Counting words in Python with sklearn's CountVectorizer#
There are several ways to count words in Python: the easiest is probably to use a Counter! We'll be covering another technique here, the CountVectorizer from scikit-learn.
CountVectorizer is a little more intense than using Counter, but don't let that frighten you off! If your project is more complicated than "count the words in this book," the CountVectorizer might actually be easier in the long run.
Using CountVectorizer#
While Counter is used for counting all sorts of things, the CountVectorizer is specifically used for counting words. The vectorizer part of CountVectorizer is (technically speaking!) the process of converting text into some sort of number-y thing that computers can understand.

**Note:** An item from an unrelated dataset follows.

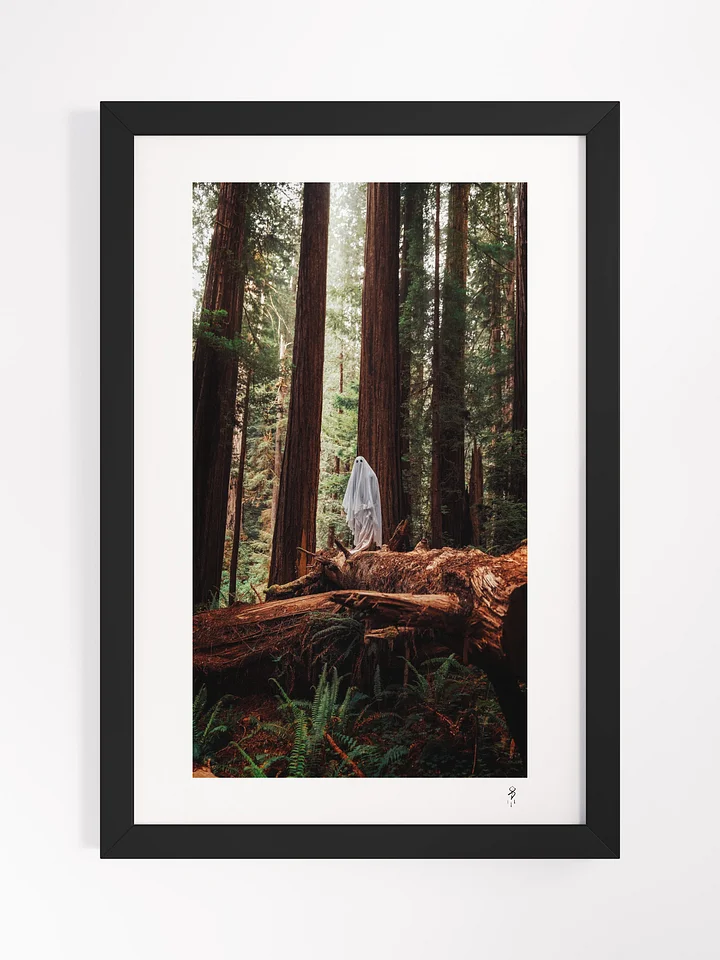 "Ghost in the Forest" - Framed Print product image (1)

Unfortunately, the "number-y thing that computers can understand" is kind of hard for us to understand. See below:
from sklearn.feature_extraction.text import CountVectorizer
# Build our text
text = """Yesterday I went fishing. I don't fish that often,
so I didn't catch any fish. I was told I'd enjoy myself,
but it didn't really seem that fun."""
vectorizer = CountVectorizer()
matrix = vectorizer.fit_transform([text])
matrix
We need to do a little magic to turn the results into a format we can understand.
import pandas as pd
counts = pd.DataFrame(matrix.toarray(),
columns=vectorizer.get_feature_names())
counts
vectorizer = CountVectorizer()
Then we told the vectorizer to read the text for us.
matrix = vectorizer.fit_transform([text])
matrix
Notice that we gave it [text]
instead of just text
. This is because sklearn is typically meant for the world of MACHINE LEARNING, where you're probably reading a lot of documents at once. Sklearn doesn't even want to deal with texts one at a time, so we have to send it a list.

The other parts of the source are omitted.